Assume the generated code for a function is not behaving as we expect it to. Printing it using the print_compiled function can help in certain cases, but it may be more helpful to manually modify the generated code (e.g., by adding custom prints inside a CUDA kernel). Given that the generated code is stored as a string in the code variable, we can enable modifying it at runtime by writing the code to a file and reading back after a delay:

with open("out.txt", "w+") as f:
f.write(code)

input("Press enter when finished updating 'out.txt' ")

with open("out.txt", "r") as f:
code = f.read()

In this code snippet, we write the generated low-level code to a new file out.txt. Then, we use the input function in Python to wait until the user presses enter. Before pressing enter, the user modifies the generated code stored in the out.txt before it is read back into the code variable. The user could, for instance, insert debug prints in the generated code for debugging or just to help understand what the code is doing.

Compiling and running the modified code

The ParPy compiler can generate code for any backend regardless of whether it is supported or not. However, to actually compile and run the code, a backend must be enabled (see the installation instructions). The following Python code compiles the modified low-level code in code and runs it:

fn = parpy.compile_string("sum_rows", code, opts)
fn(x, y, N)
assert np.allclose(y, np.sum(x, axis=1), atol=1e-3)

The compile_string function compiles the low-level code and produces a wrapper function. We pass the name of the function in the generated code (sum_rows), the code to compile (code), and the compiler options (opts). The resulting wrapper function (stored in fn) can be used to immediately invoke the underlying JIT-compiled code. Importantly, fn does not expect the compiler options, as these were already provided in the call to compile_string.

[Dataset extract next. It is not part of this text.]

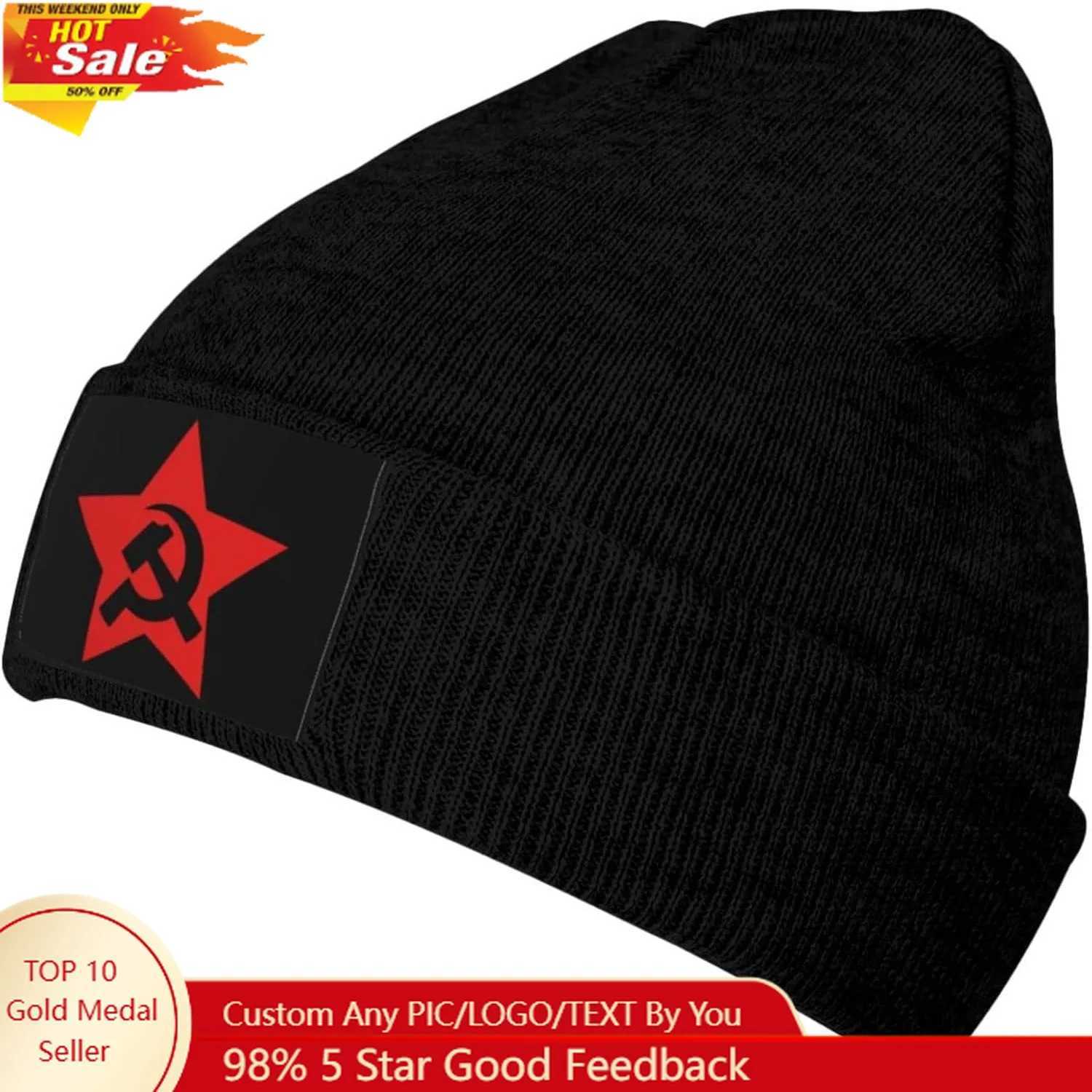 Beanie/Skull Caps Communist USSR Hammer Sickle and Star Knit Beanie Winter Hats for Men and Women Knitted Cuffed Skull CapT261017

Specialization and API differences

As the ParPy compiler runs just-in-time (JIT), the values of all parameters passed to a function are available when it runs. The ParPy compiler will automatically specialize the generated code based on the shape of argument arrays (with a non-empty shape), and on the values of scalar parameters (e.g., floats and ints). As a result, the compiler produces more efficient code, but it may have to run many times due to variations in argument sizes.

When we call a decorated function, the wrapper code handles the specialization automatically. Based on the provided arguments and the compiler options, the wrapper code determines whether a matching specialization exists in the cache, or if another version has to be compiled. As compiling the generated code can take more than a second (depending on the target backend), using this cache can save us a lot of time. However, because the wrapper has to manage the cache, each call to a decorated function introduces a bit of overhead.

Using the print_compiled and compile_string functions results in different behavior, as the code is always specialized using print_compiled (i.e., there is no caching involved). As a result, the wrapper code produced by the compile_string function does not need to consider this caching, which reduces its overhead compared to the wrapper used in calls to decorated functions.